I'd like to thank Val Lopez, and Ed Ketchum, of the Amah Mutsun, for granting me the information that helped trace our roots.
'This series of photographs were inspired by Ohlone Tribal Chair Tony Cerda, and Mike Oliva, who were the first Ohlone community members to invite me, well - really, questioned me, if I was a photographer and filmmaker, why was I not documenting my own tribal community?' I was very grateful for their encouragement, and, really, what I felt was the permission, to document my own community's cultural revival, since I was only just starting to learn my own cultural and family history myself. Many women in the community, like Terry Reynaga, Charlene Sul, Ann Marie Sayers and Corrina Gould, also encouraged me to honor my relatives, and taught me that each film, photograph and installation, like a shell on our necklaces, is a prayer, a contribution to the overall larger Ohlone community, history and revitalization. My entire creative career shifted as a result. It very meaningful to go through the editing process, to go back and see how the work developed as my family history was revealed also over time.'
To Patrick Orozco and Rosemary Cambria, for all you sacrificed and gave.
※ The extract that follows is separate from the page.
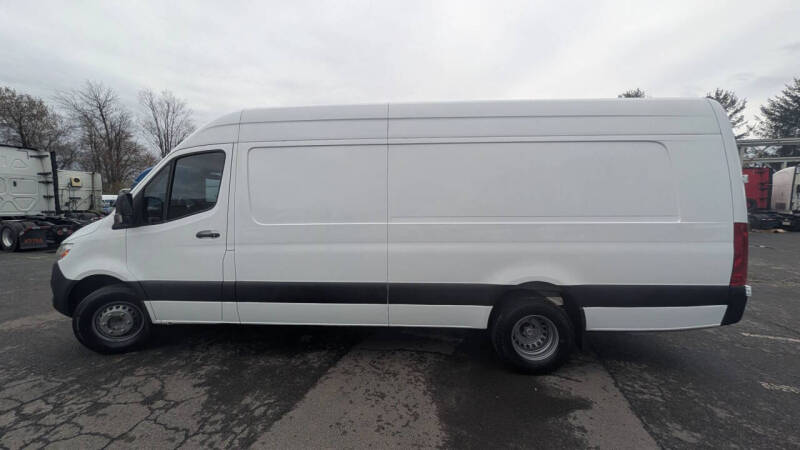 2019 Freightliner Sprinter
Now that I have walked this road a bit, I wanted to share a selection from the body of work that came out of the process. This 'assignment' was much more than an assignment for me, and I reflect on that personal reconciliation process that came from learning and deeply understanding the history of my relatives. Its one thing to read a document, its quite another to actually develop contemporary relationships with people who survived, and today, we are forging new relationships, in honor of our ancestors, and what they went through. Many people - within the community, and outside - have supported my work over these years, and I hope they will feel honored with the result of the support for the creative impulses that merged with ancient callings. After all, I am Homebound by Sea.'
After working in Mexico City from 1993-2001, photojournalist Catherine Herrera returned to northern California. The professional journalism field was shifting, and as a single mom, Catherine had to shift her focus too, moving into documentary production. In 20013, Catherine Herrera photographed several articles for San Francisco's 'The Potrero View' while working with private clients to document on assignment.
The Northern California Ohlone/Native American Contemporary Life feature series is a collection from the 2001-20014 article. Catherine Herrera exhibits images from the series in collaboration with tribal governments, as well as international and U.S. galleries, cultural centers, museums, and, alternative venues.